DOOM will come with a cartoonish-sized arsenal to fit its OTT gore-splatter action. Shotguns, BFG 9000s and chainsaws will all pop up, with a new melee execution system bringing an added sense of intimacy to all the decapitations and eye-gougings.
DOOM: Multiplayer and beta
In addition to the game’s campaign mode, DOOM comes with a multiplayer mode. From the trailer released by publishers Bethesda, it will have more Unreal Tournament in its DNA than Call of Duty.
DOOM will include a number of classic multiplayer modes, including deathmatch and domination, as well as freeze tag and clan arena modes. Seemingly taking influence from contemporary multiplayer games such as Evolve, there will also be a humans-versus-monster mode where players can transform into one of the game’s various demon classes. The game will also have its own map-maker tool, “Doom SnapMap”, which will let players build and share custom maps and game modes.

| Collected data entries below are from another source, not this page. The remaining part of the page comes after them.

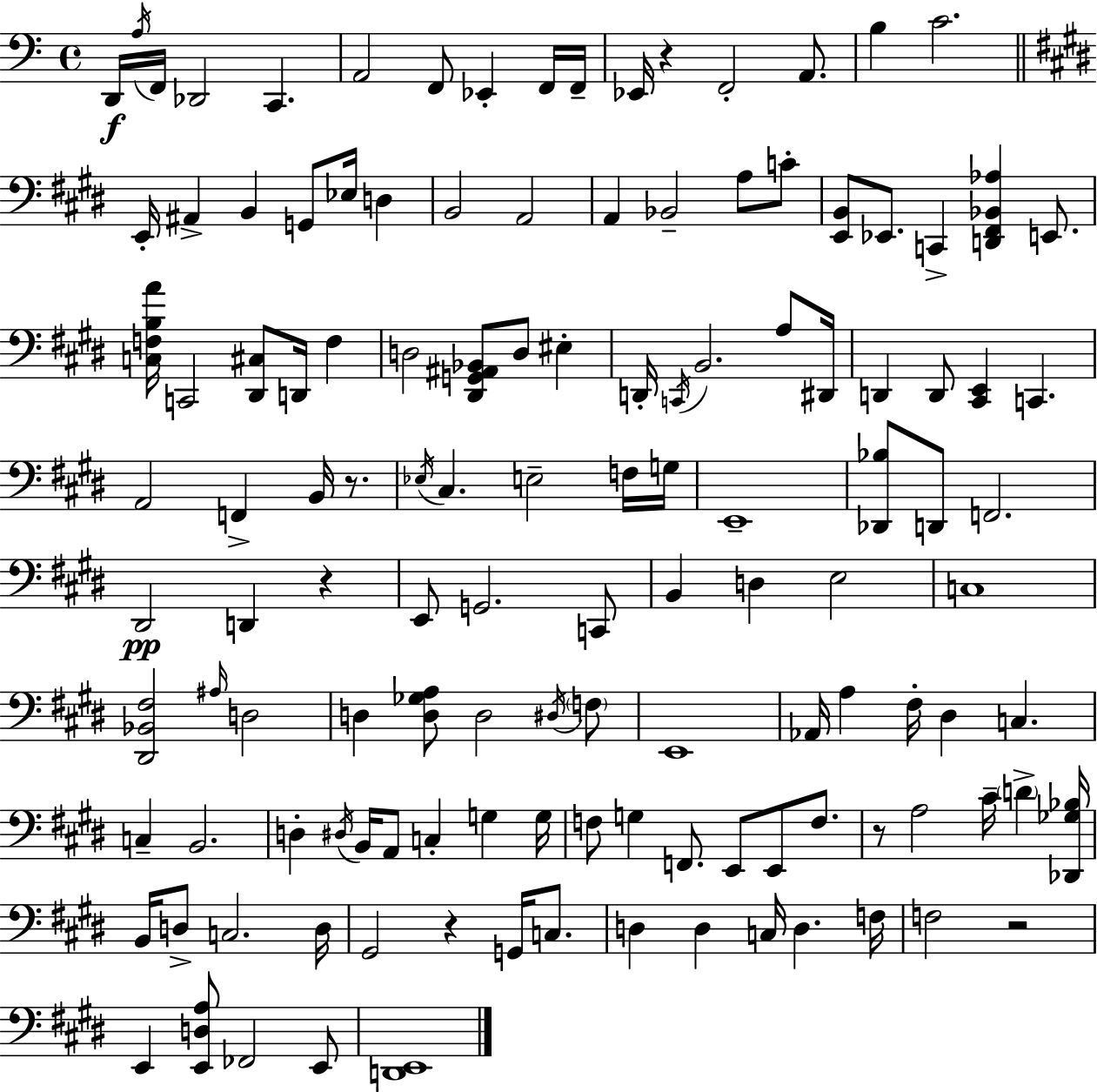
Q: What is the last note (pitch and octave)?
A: E2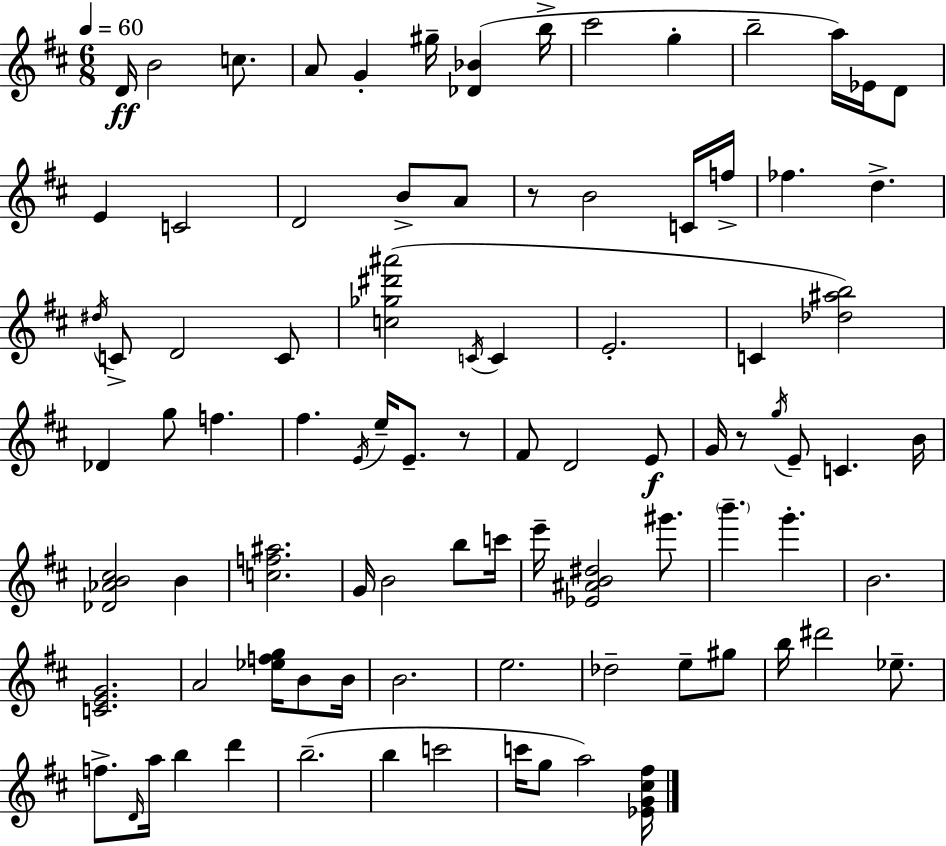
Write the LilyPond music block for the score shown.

{
  \clef treble
  \numericTimeSignature
  \time 6/8
  \key d \major
  \tempo 4 = 60
  d'16\ff b'2 c''8. | a'8 g'4-. gis''16-- <des' bes'>4( b''16-> | cis'''2 g''4-. | b''2-- a''16) ees'16 d'8 | \break e'4 c'2 | d'2 b'8-> a'8 | r8 b'2 c'16 f''16-> | fes''4. d''4.-> | \break \acciaccatura { dis''16 } c'8-> d'2 c'8 | <c'' ges'' dis''' ais'''>2( \acciaccatura { c'16 } c'4 | e'2.-. | c'4 <des'' ais'' b''>2) | \break des'4 g''8 f''4. | fis''4. \acciaccatura { e'16 } e''16-- e'8.-- | r8 fis'8 d'2 | e'8\f g'16 r8 \acciaccatura { g''16 } e'8-- c'4. | \break b'16 <des' aes' b' cis''>2 | b'4 <c'' f'' ais''>2. | g'16 b'2 | b''8 c'''16 e'''16-- <ees' ais' b' dis''>2 | \break gis'''8. \parenthesize b'''4.-- g'''4.-. | b'2. | <c' e' g'>2. | a'2 | \break <ees'' f'' g''>16 b'8 b'16 b'2. | e''2. | des''2-- | e''8-- gis''8 b''16 dis'''2 | \break ees''8.-- f''8.-> \grace { d'16 } a''16 b''4 | d'''4 b''2.--( | b''4 c'''2 | c'''16 g''8 a''2) | \break <ees' g' cis'' fis''>16 \bar "|."
}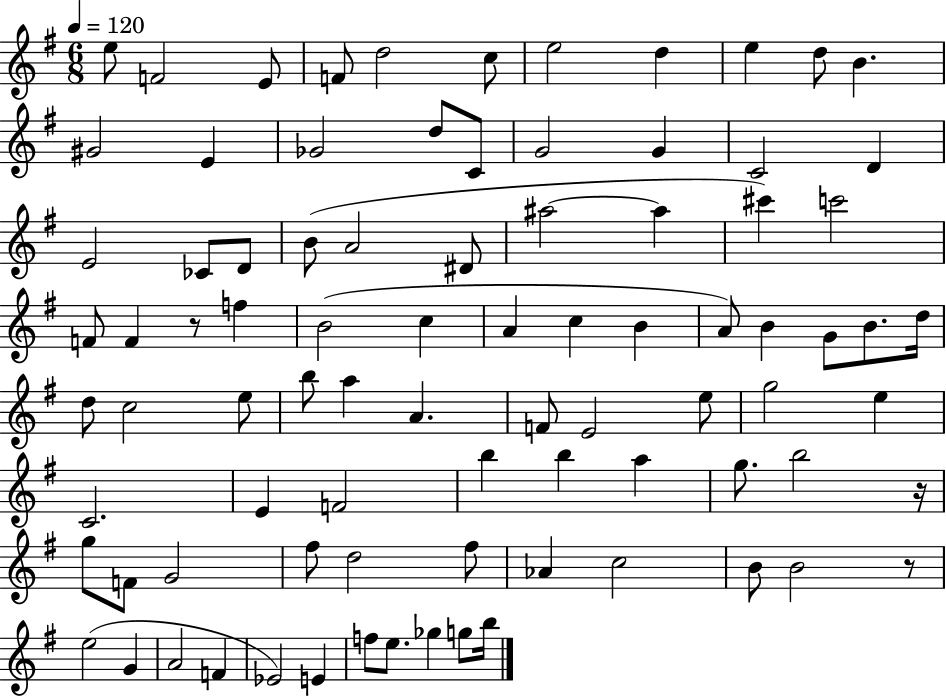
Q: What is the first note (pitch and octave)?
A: E5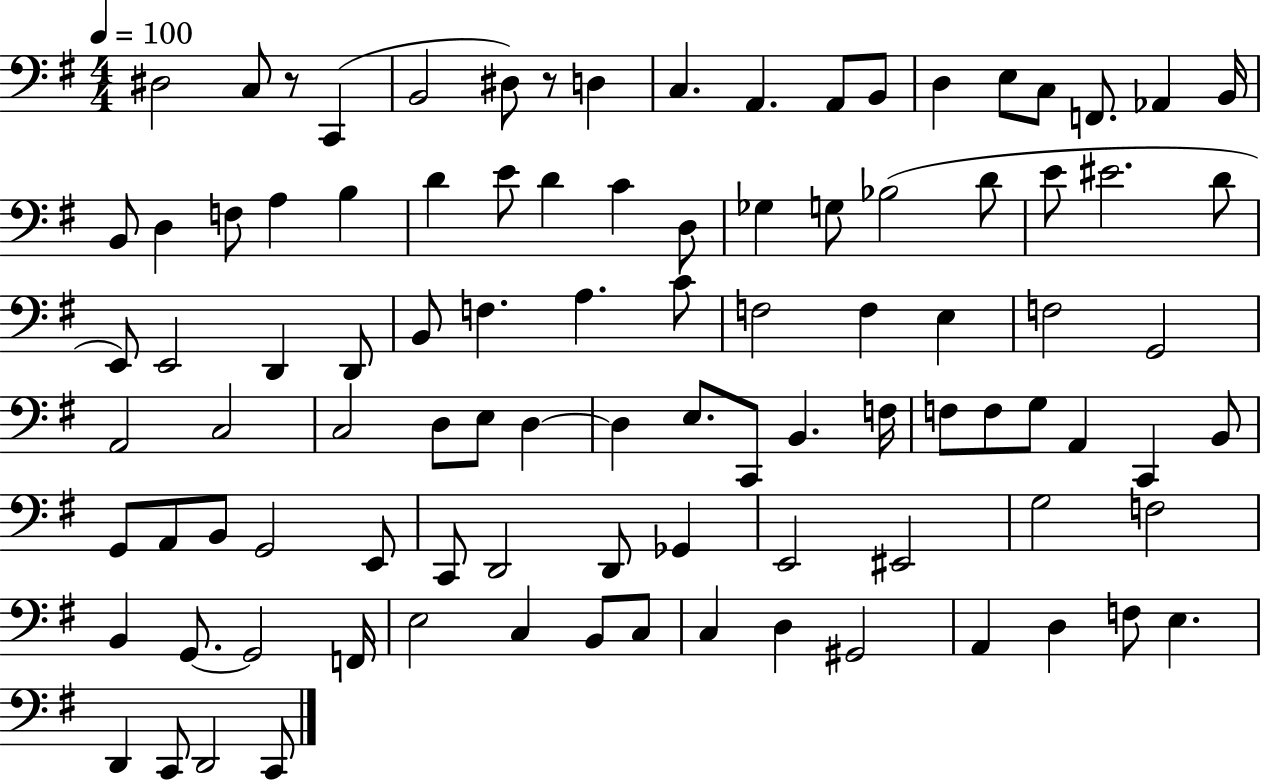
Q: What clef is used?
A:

The DOOM reboot has had a difficult gestation period. Originally slated as DOOM 4, the game was due to take place on Earth during an uprising from Hell. Shortly after Kotaku published an exposé on the difficulties plaguing development on the game, id Software went back to the drawing board – deciding to scrap the sequel’s direction and pitch the game as a reboot.
Bethesda put out a trailer for DOOM at E3 2015, which was lauded in some quarters of the internet as a return to old-school form and criticised by others as too violent. That reaction says a lot about how the games industry, and games criticism, has changed over recent decades. Does uninhibited hyper-violence sit uneasily in a medium that is shaking off its adolescent image, or is condemnation of gore a prudish overreaction to a company that is literally called id Software?